Work required => From the line that contains "Edgy Anime Graphic Tee - Black Cotton" through the closing line of the entries, write out each line exactly; pictures stay out.

▼

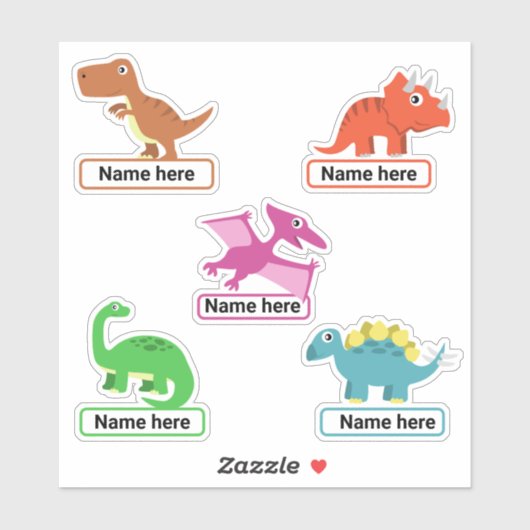 Kinderen Gepersonaliseerde Dinosaur Naam Sticker S (Vel)
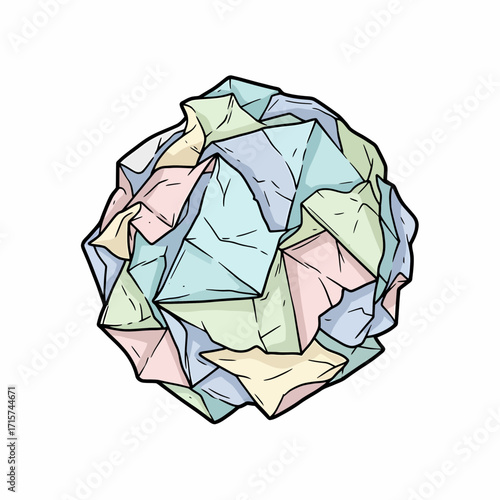 Hand-drawn colorful crumpled paper ball illustration representing discarded ideas
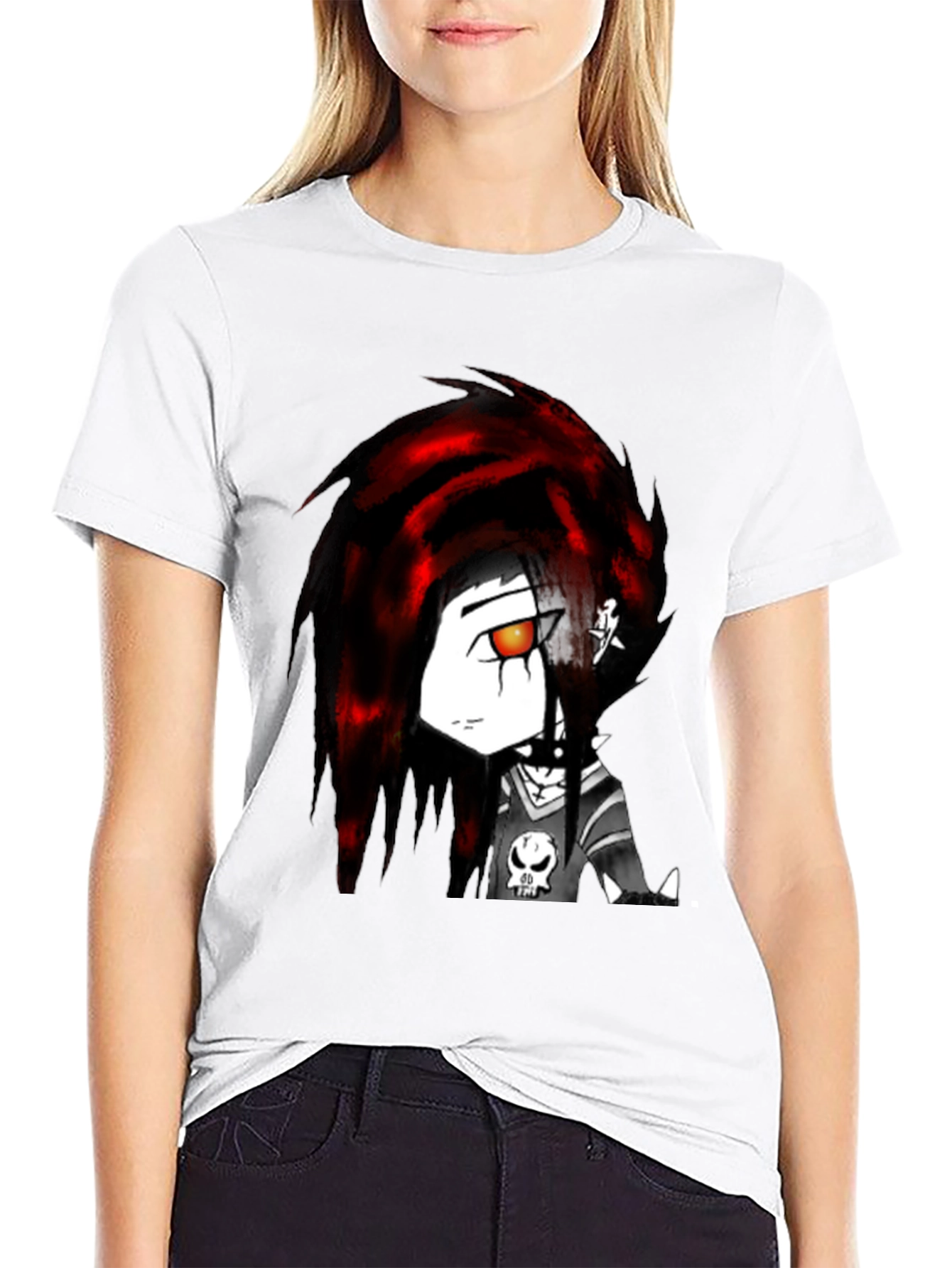 Edgy Anime Graphic Tee - Black Cotton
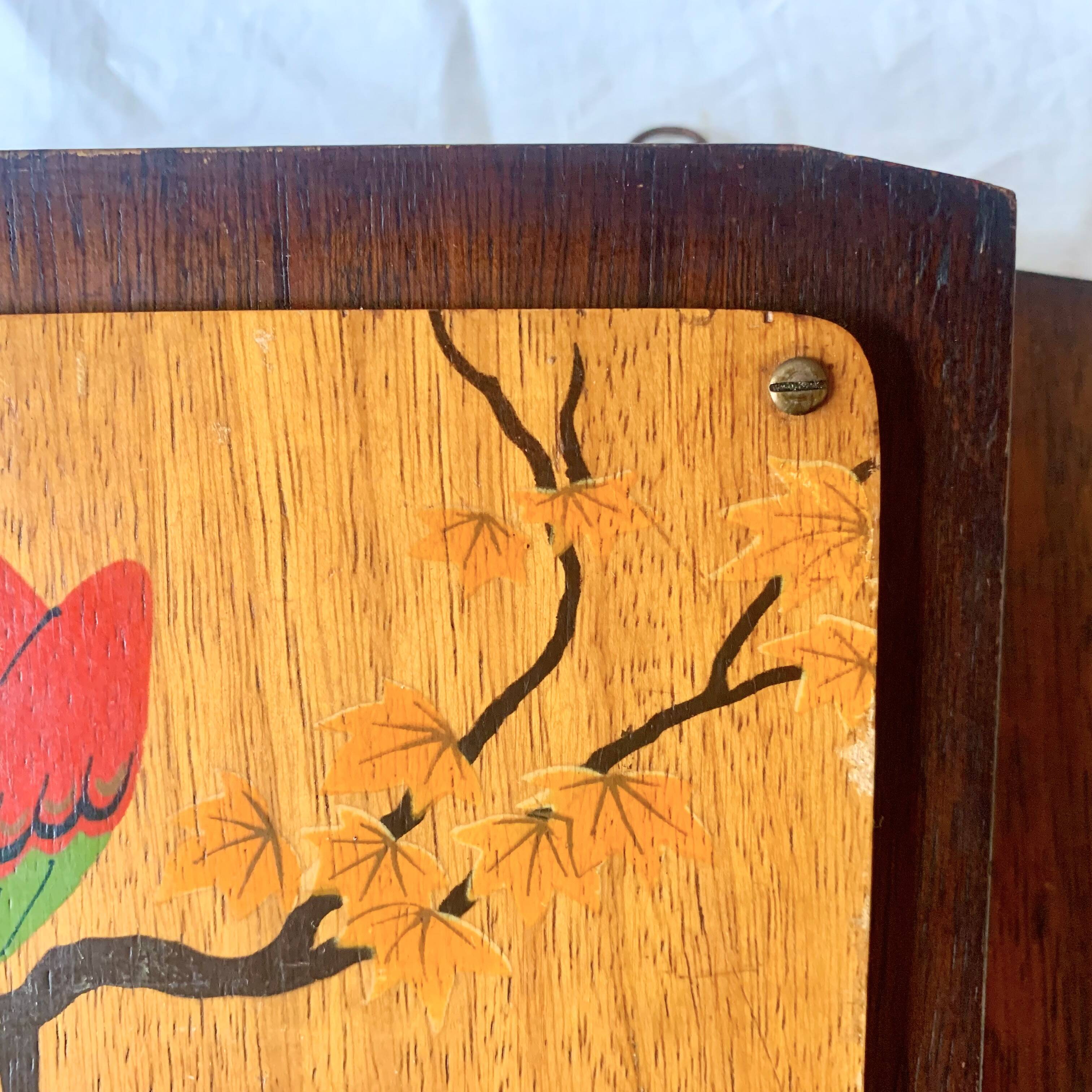 Art Deco wall mail holder in painted wood - bird decor
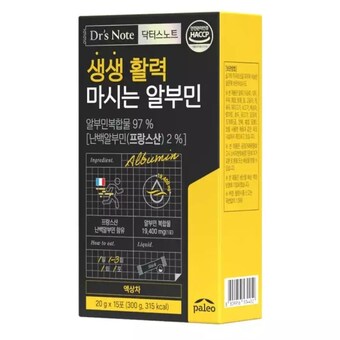 닥터스노트 생생 활력 마시는 <b>알부민</b> 20g 15포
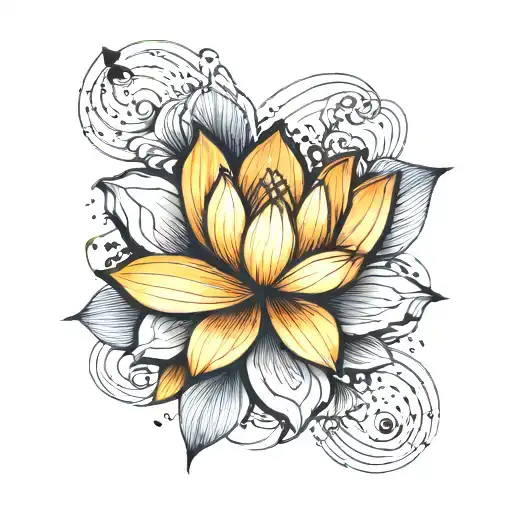 Lotus Flower With Lines Small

▲

Solution for this exercise =>
 Edgy Anime Graphic Tee - Black Cotton
 Art Deco wall mail holder in painted wood - bird decor
 닥터스노트 생생 활력 마시는 <b>알부민</b> 20g 15포
 Lotus Flower With Lines Small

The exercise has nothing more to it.